DIRECTIONS FOR THIS TASK: Among the entries below, only the lines from the one with "衬纸考试办公室图标svg_新图网 https://ixintu.com 办公室" through the one with "2018 Subaru Impreza" are to be retyped, exactly and without pictures.

INPUT FOR THIS TASK:

+ + + +

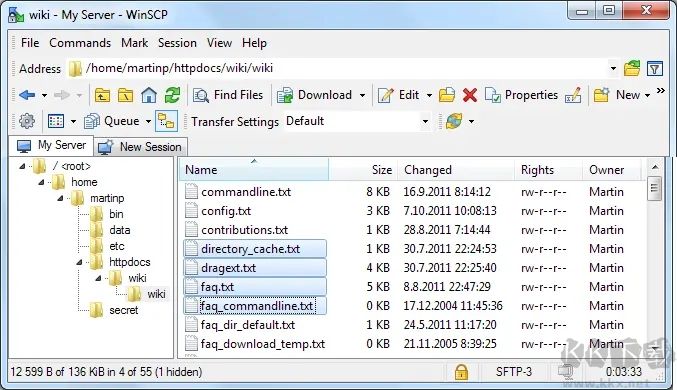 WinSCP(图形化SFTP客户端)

+ + + +

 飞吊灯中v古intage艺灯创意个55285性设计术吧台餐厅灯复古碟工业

+ + + +

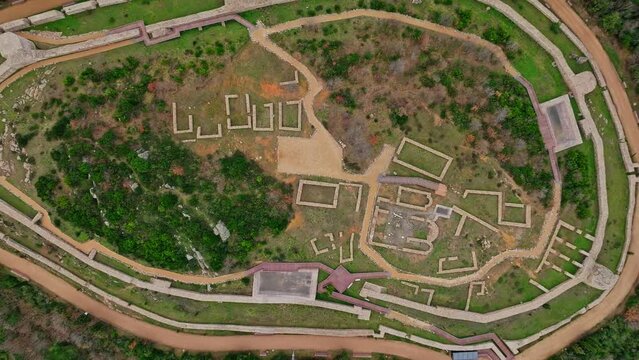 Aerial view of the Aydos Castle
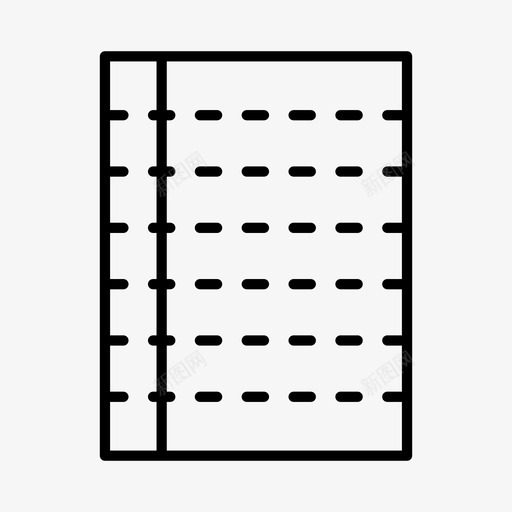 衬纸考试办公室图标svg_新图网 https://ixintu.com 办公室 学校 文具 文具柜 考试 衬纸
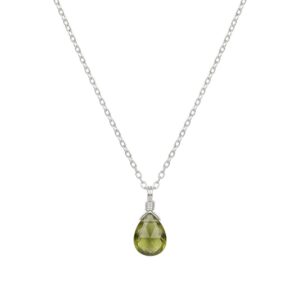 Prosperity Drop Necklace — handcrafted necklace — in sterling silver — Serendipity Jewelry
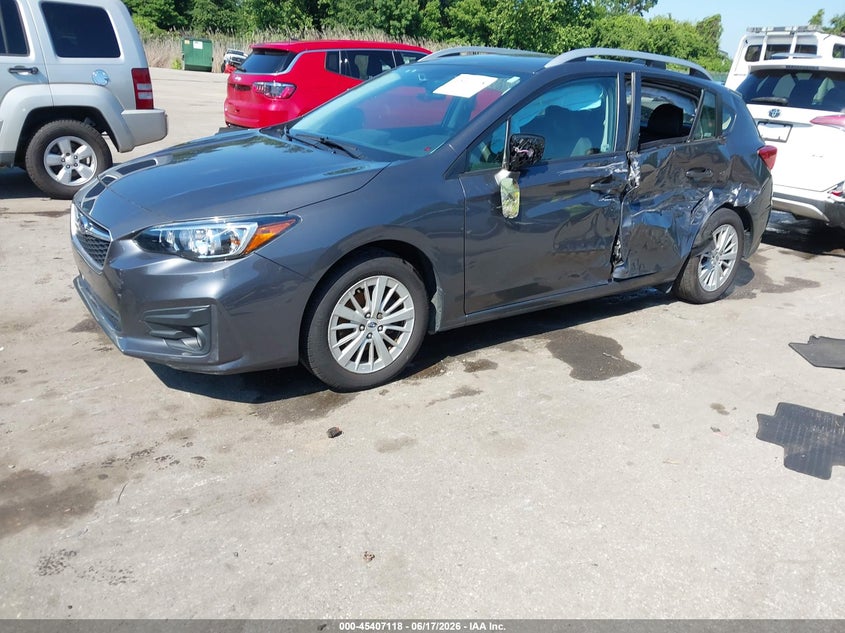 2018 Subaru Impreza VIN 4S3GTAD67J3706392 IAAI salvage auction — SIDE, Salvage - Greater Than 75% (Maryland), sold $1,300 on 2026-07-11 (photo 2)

+ + + +

FINISHED EXERCISE:
 衬纸考试办公室图标svg_新图网 https://ixintu.com 办公室 学校 文具 文具柜 考试 衬纸
 Prosperity Drop Necklace — handcrafted necklace — in sterling silver — Serendipity Jewelry
 2018 Subaru Impreza VIN 4S3GTAD67J3706392 IAAI salvage auction — SIDE, Salvage - Greater Than 75% (Maryland), sold $1,300 on 2026-07-11 (photo 2)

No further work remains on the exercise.